Rodrigo Toniol
“Se é permitido ensinar religiões afro-brasileiras, por que resistir à Bíblia?” A pergunta foi feita pela vereadora Flávia Borja (DC), ao defender o projeto aprovado nesta semana pela Câmara Municipal de Belo Horizonte. O que parece um movimento local é, na verdade, parte de uma cruzada legislativa que já se espalha por várias partes do país.
A proposta da vereadora autoriza o uso da Bíblia como material didático complementar nas escolas públicas da cidade. Seu argumento é que rejeitar o texto cristão seria aplicar uma “seletividade ideológica” que fere o princípio da laicidade.

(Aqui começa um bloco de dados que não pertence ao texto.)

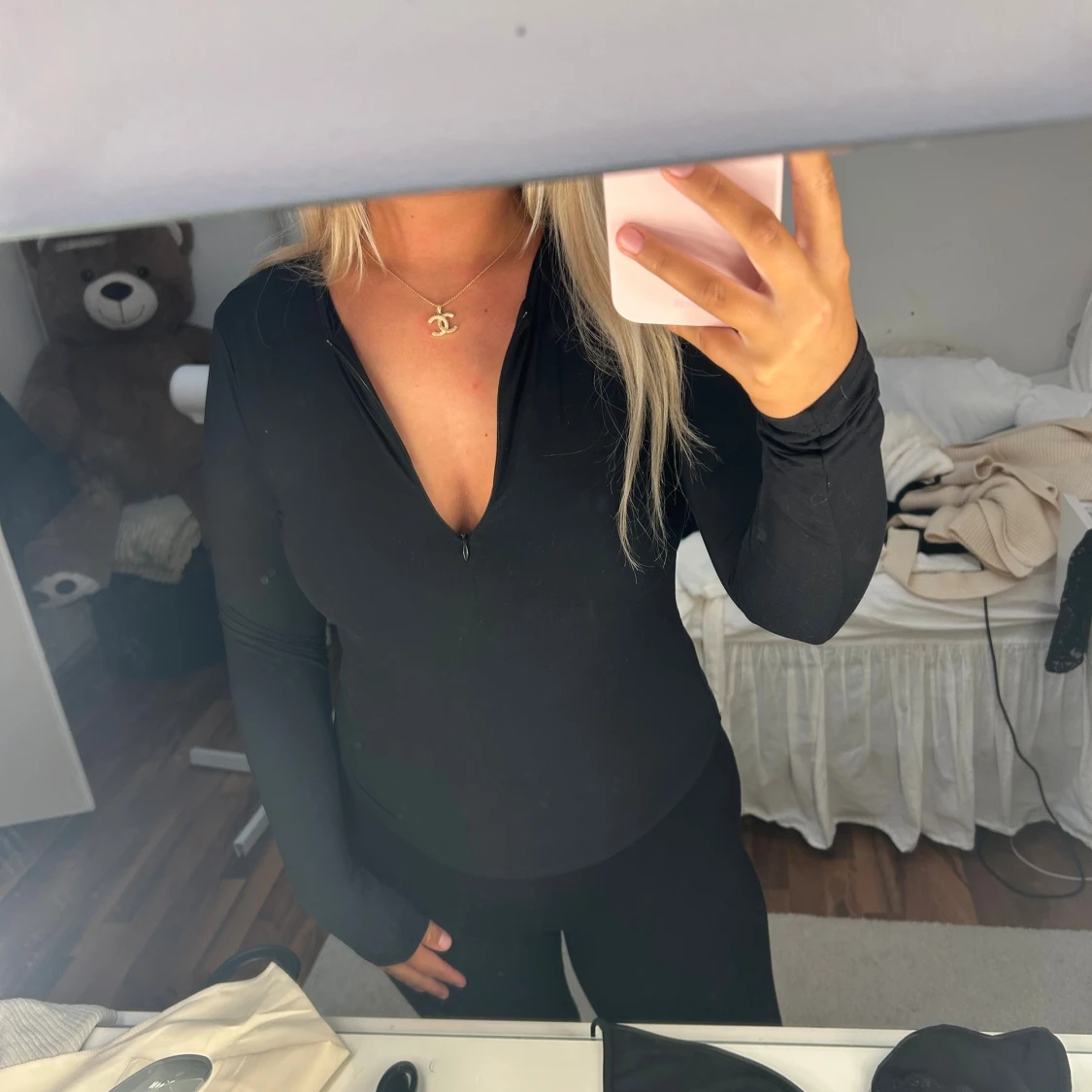 Svart långärmad tröja med half zip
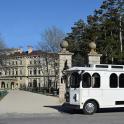 a white bus parked in front of a building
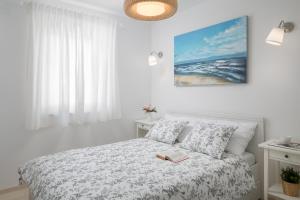 Postel nebo postele na pokoji v ubytování Villa Meadow + 28 fotografií
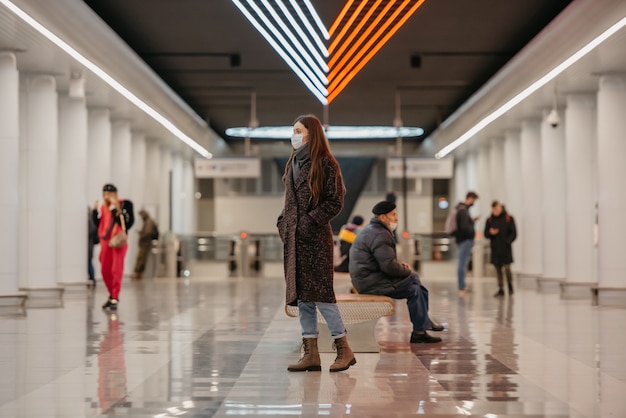 Una foto de cuerpo entero de una mujer con mascarilla para evitar la propagación del COVID que camina mientras espera un tren en el centro de una estación de metro. Chica con mascarilla quirúrgica mantiene distancia social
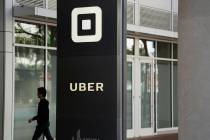 A man walks into the building that houses the headquarters of Uber in San Francisco on June 21, ...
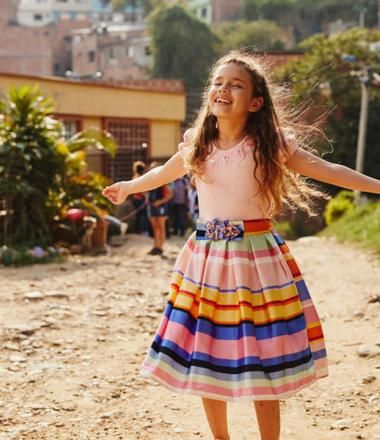 Girl dances in the streets in Colombia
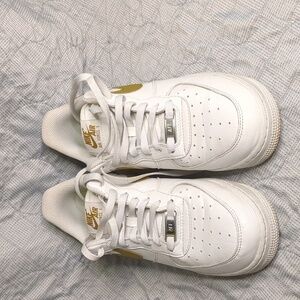 Nike Air Force 1 '07 SE "Next Nature" in the Summit White/Bronzine colorway.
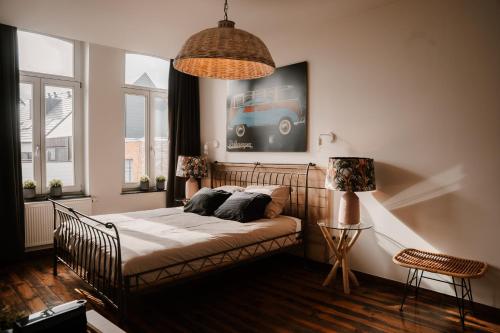 a bedroom with a bed and a picture of a bus on the wall at Cé La Vie in Maaseik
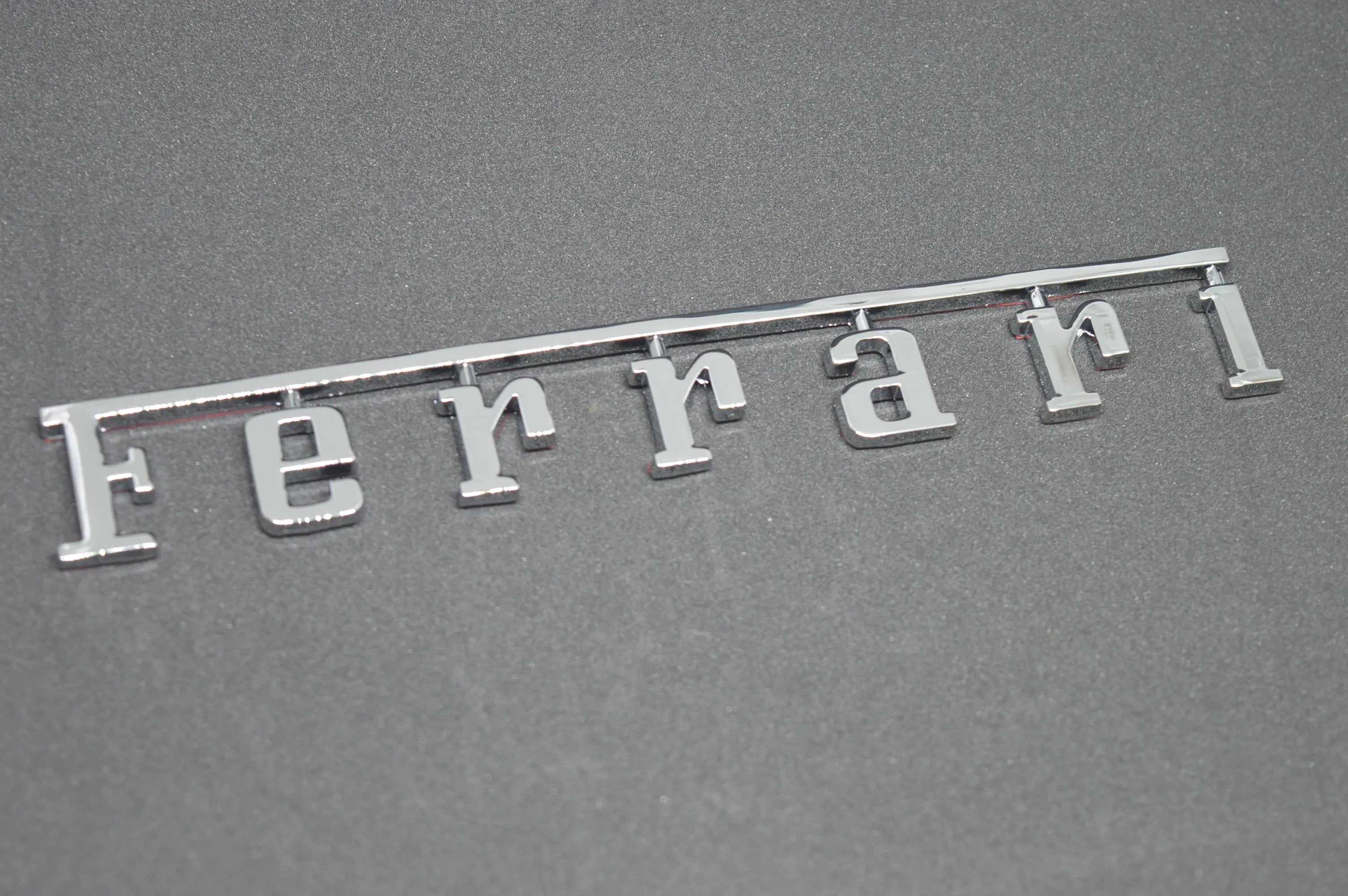 Ferrari Rear Badge Emblem Chrome Silver (Fits Many 20cm*2.78cm ) Italiaspares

Em diversos estados —como Rio Grande do Norte, Mato Grosso do Sul, Amazonas, Rondônia e Rio de Janeiro— leis estaduais tentaram impor a presença da Bíblia nas escolas ou bibliotecas públicas, sob a justificativa de que o livro é um “patrimônio cultural”. A alegação é que a proposta não visa a evangelizar, mas reconhecer a Bíblia como um pilar cultural do Ocidente.
É inegável o papel central da Bíblia na história do Ocidente. Mas, se o objetivo é destacar obras fundamentais da nossa civilização, por que restringir o foco apenas à Bíblia? Por que não incluir, no mesmo projeto, obras como “A Odisseia”, “A República de Platão”, “Os Lusíadas” ou até os “Discursos de Rousseau”? Teriam os vereadores mineiros se investido da missão de definir os pilares da civilização ocidental?
O que estamos assistindo, na verdade, é a implementação de uma política educacional disfarçada de zelo pelo patrimônio cultural, mas que, na prática, promove uma única doutrina religiosa.
A comparação com a Lei 10.639/2003 —que tornou obrigatório o ensino da história e cultura afro-brasileira e africana— é, no entanto, equivocada. A lei não prevê o ensino religioso, tampouco a promoção de cultos afro nas escolas. A dimensão religiosa é apenas um de seus componentes. A lei busca reparar uma ausência histórica no currículo escolar e valorizar expressões culturais sistematicamente marginalizadas.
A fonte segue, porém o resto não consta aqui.